9. The device of claim 8 further comprising a user-input processor (209) for generating a user input display image for the area of the section allocated to receive user inputs; and means for generating a user input for the first application in response to a touch input detected in the area of the section allocated to receive user inputs.

10. The device of claim 1 wherein the first application is arranged to generate the display output in response to a received data stream; and the display manager (207) is arranged to set the display characteristic in response to a characteristic of the received data stream.

11. The device of claim 10 wherein the received data stream is a video data stream, and wherein the characteristic of the received data stream comprises a video quality characteristic for the video data stream.

12. The device of claim 1 wherein the first application is arranged to generate the display output in response to a data stream received from a remote source; and the device is further arranged to request the remote source to set a characteristic of the data stream in response to a characteristic of the deployed display configuration.

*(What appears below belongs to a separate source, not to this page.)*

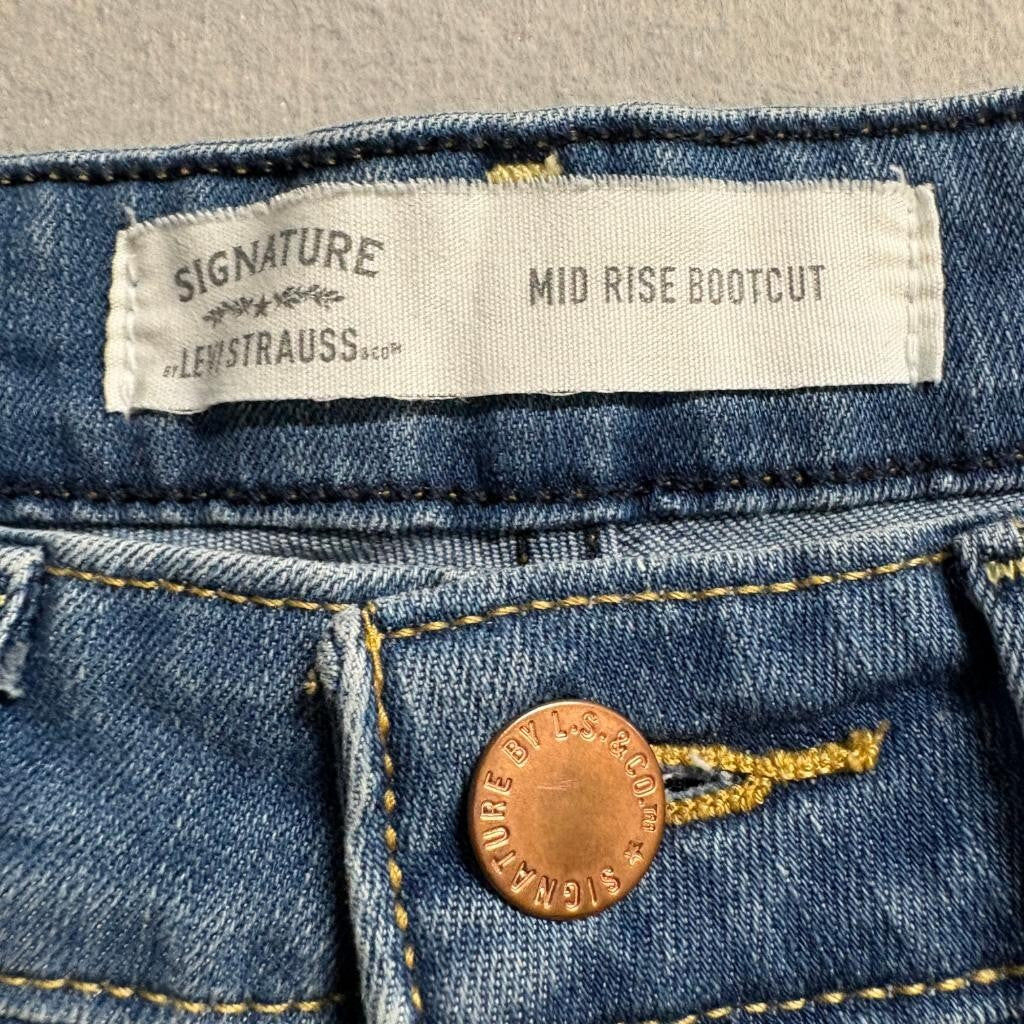 Signature by Levi Strauss Co Womens Mid Rise Bootcut Jeans Size 4M W27 L32 Blue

13. The device of claim 12 wherein the characteristic of the data stream comprises at least one characteristic selected from the group consisting of:

a data rate of the data stream,

a communication quality level of the data stream,

a content quality level of the data stream, and

a resolution of the data stream.

14. The device of claim 1 further comprising at least one actuator for moving at least one display of the plurality of displays relative to at least one other display of the plurality of displays to reach a display configuration in response to a characteristic of a received data stream processed by the first application.

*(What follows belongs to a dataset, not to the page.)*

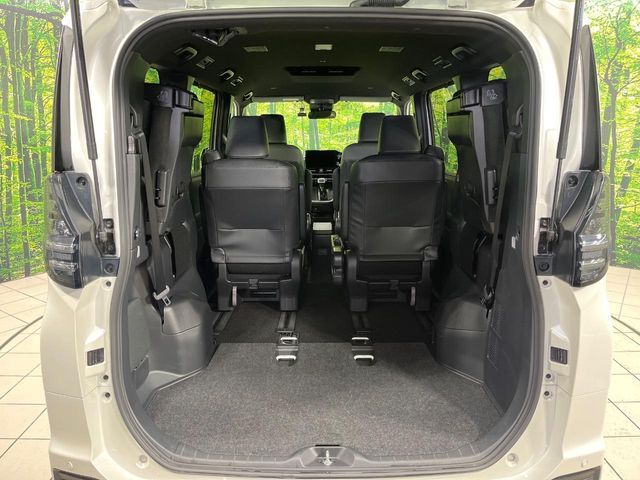 TOYOTA VOXY 4WD 2025 Image 31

15. The device of claim 1 further comprising:

a receiver (211) for receiving a display control signal from a remote source; and

at least one actuator for moving at least one display of the plurality of displays relative to at least one other display of the plurality of displays to reach a display configuration in response to the display control signal.

16. The device of claim 1 wherein a first display of the plurality of displays is rotatably attached to a second display of the plurality of displays along a first edge of the first display and a first edge of the second display;

wherein a third display of the plurality of displays is rotatably attached to the first display along a second edge of the first display and along a first edge of the third display; and

wherein a fourth display of the plurality of displays is rotatably attached to the second display along a second edge of the second display and along a first edge of the fourth display.

17. The device of claim 16 wherein the first edge of the first display is at an angle of substantially 90° relative to the second edge of the first display; and

wherein the first edge of the second display is at an angle of substantially 90° relative to the second edge of the second display.

18. The device of claim 16 wherein the first display, the second display, the third display, and the fourth display have substantially identical sizes.

19. The device of claim 1 wherein a combined display area for one of the display configurations corresponds to a display area of one display of the plurality of displays.

20. A method of operation for a device including a display arrangement (201) comprising a plurality of displays movable relative to each other to provide a plurality of display configurations, each display configuration providing a combined display area, and the combined display area for at least some of the display configurations being different, the method comprising:

an application processor (203) executing a first application of a plurality of user applications providing display outputs;

generating an arrangement of display output for the display arrangement from the display output of the first application; and

setting a display characteristic for the arrangement of display output in response to a deployed display configuration and a characteristic of the first application.